While global governments have been issuing warnings about deepfakes’ potential to undermine democracies by sowing confusion, businesses are already battling an increasing number of scams and frauds relying on generative AI. The same generative AI tools, however, can also be used to detect deepfakes during attacks.

“Synthetic faces when they’re used badly in the industry are called deep fakes, that’s when they are used to try to fool protection systems,” says Loc Nguyen, IDVerse’s CMO. “We create, for lack of a better name, ‘goodfakes.’ Goodfakes are used to train our algorithms to spot the deepfakes. Same tool, different outcomes.”

The use of generative AI may also help get around increasing privacy regulations on biometric data use and eventually lead to more ethical sourcing of facial data.

The traditional way of training good AI algorithms has been gathering as much data as possible. But that sometimes leads to unethical practices, including obtaining facial data from people who have not consented to sharing it. Adams believes there is a need for a “nutrition stamp” for AI models that could ensure that faces were sourced ethically with the consent of the owners.

“We don’t know the ingredients of those models. We don’t know whether it was ethically sourced or how they were trained,” he says.

These days, the industry is moving towards a different path of training facial recognition, according to IDVerse.

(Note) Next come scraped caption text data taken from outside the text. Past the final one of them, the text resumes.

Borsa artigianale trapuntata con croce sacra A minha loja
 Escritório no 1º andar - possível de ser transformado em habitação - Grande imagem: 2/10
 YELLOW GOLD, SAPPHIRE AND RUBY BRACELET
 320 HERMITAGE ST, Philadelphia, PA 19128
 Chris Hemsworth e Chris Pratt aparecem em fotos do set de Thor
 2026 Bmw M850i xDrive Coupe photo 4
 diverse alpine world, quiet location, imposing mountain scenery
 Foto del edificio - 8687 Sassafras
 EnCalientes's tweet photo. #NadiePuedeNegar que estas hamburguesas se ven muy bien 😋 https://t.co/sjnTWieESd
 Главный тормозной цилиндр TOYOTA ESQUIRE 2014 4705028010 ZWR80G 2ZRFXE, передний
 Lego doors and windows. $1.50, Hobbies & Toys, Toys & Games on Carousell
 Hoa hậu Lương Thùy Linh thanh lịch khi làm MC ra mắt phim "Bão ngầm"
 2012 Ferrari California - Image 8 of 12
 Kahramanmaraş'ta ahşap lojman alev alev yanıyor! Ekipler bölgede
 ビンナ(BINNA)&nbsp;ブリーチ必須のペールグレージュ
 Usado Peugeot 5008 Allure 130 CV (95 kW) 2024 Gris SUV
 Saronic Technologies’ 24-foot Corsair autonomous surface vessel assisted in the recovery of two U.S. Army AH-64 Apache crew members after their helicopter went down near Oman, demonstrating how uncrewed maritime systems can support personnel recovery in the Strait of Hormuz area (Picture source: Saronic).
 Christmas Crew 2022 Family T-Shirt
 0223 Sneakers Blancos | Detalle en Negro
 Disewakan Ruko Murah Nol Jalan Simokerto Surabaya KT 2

Many companies have trained their algorithms by using facial data from one specific region. When the time comes to enrich datasets they usually try to obtain as much diverse facial data as they can get their hands on. But algorithms are sometimes unable to adapt the way they are processing faces.

IDVerse executives say they are “big believers” in training datasets on as much synthetic data as possible and not using real data.

The Australian company was founded in 2014 as a research firm and launched commercially in 2018 as OCR Labs. It became the first private Australian company to win accreditation as an identity provider for operations outside of the government’s digital ID system. In May this year, it changed its name, focusing itself on biometric verification, liveness detection, document verification and video KYC.

Its reliance on synthetic data came out of difficulties in gaining access to real faces.

“Ethically, you just can’t get massive data sets from certain companies or countries,” says Adams. “From my understanding, we are the only ones actually using a fully generated face model within our stack.”

Generative AI is not a silver bullet. It can also create synthetic media that courts the old bias, Nguyen says. But deepfakes have opened many doors. With today’s computers, we are already able to collect the same amount of faces and permutations that in a real-life scenario may take 200 to 300 hundred years. And as computer processing power increases, so will the number of fake faces. If all goes according to plan for IDVerse, this will mean the end of algorithmic bias in facial recognition.